▶ Task description
Print every record exactly, but leave out the pictures.

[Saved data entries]
###

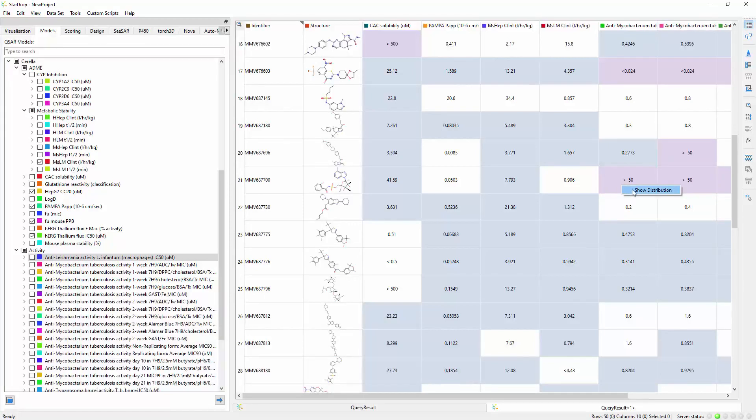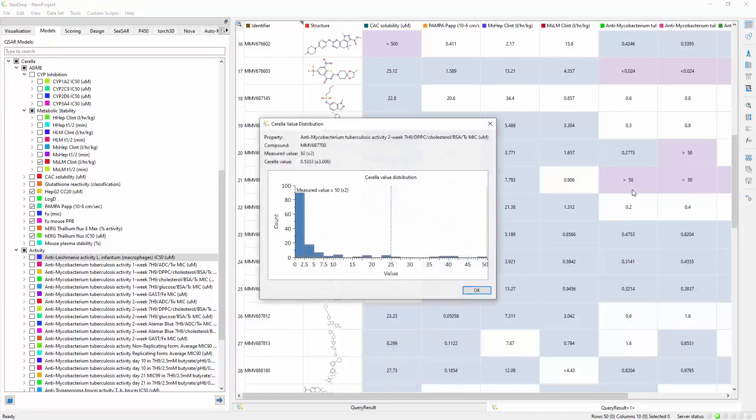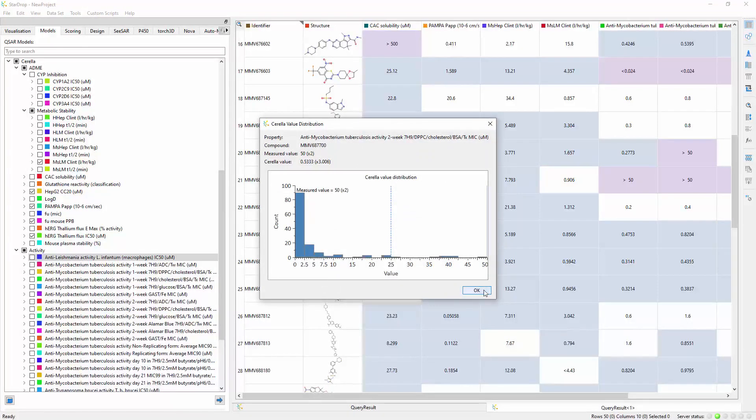Comparing this measured value with the predicted probability distribution suggests it would be valuable to retest this compound. It's likely to be active.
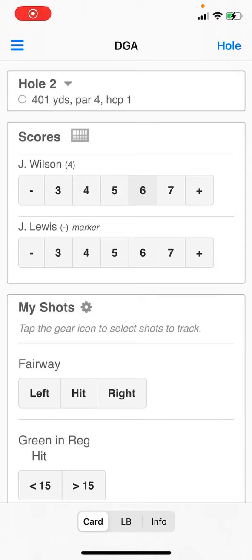This video will show a player how to enter scores while using the digital scorecard in the app. Note that in this scenario, each player in the group is scoring one other person and themselves as a marker.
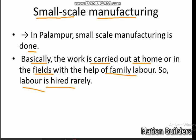Mishralal's case is given in the textbook to understand small-scale manufacturing in Palampur. Mishralal has purchased a mechanical sugarcane crushing machine run on electricity and has set it up in his field.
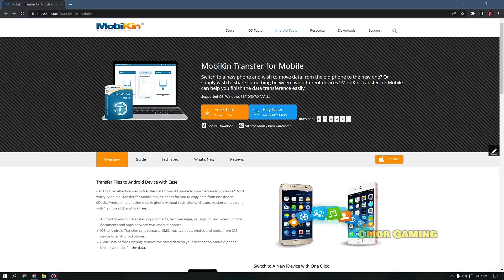Assalamualaikum, how are you doing? Today we are going to review a tool called MOBIKIN, which is MOBIKIN Transfer for Mobile.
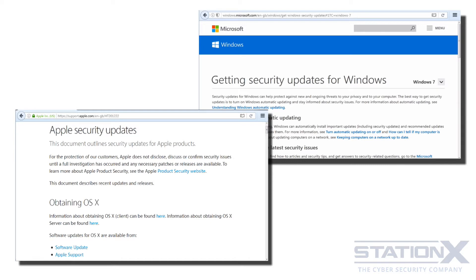To maintain a degree of privacy and anonymity, you should update using an anonymizing service like a VPN, Tor, John Donham, which we discuss in more detail later. This way, when you're doing updates, it doesn't tie you to a physical location or an IP address.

###

▶ Response to the task
Comparing this measured value with the predicted probability distribution suggests it would be valuable to retest this compound. It's likely to be active.
This video will show a player how to enter scores while using the digital scorecard in the app. Note that in this scenario, each player in the group is scoring one other person and themselves as a marker.
Mishralal's case is given in the textbook to understand small-scale manufacturing in Palampur. Mishralal has purchased a mechanical sugarcane crushing machine run on electricity and has set it up in his field.
Assalamualaikum, how are you doing? Today we are going to review a tool called MOBIKIN, which is MOBIKIN Transfer for Mobile.
To maintain a degree of privacy and anonymity, you should update using an anonymizing service like a VPN, Tor, John Donham, which we discuss in more detail later. This way, when you're doing updates, it doesn't tie you to a physical location or an IP address.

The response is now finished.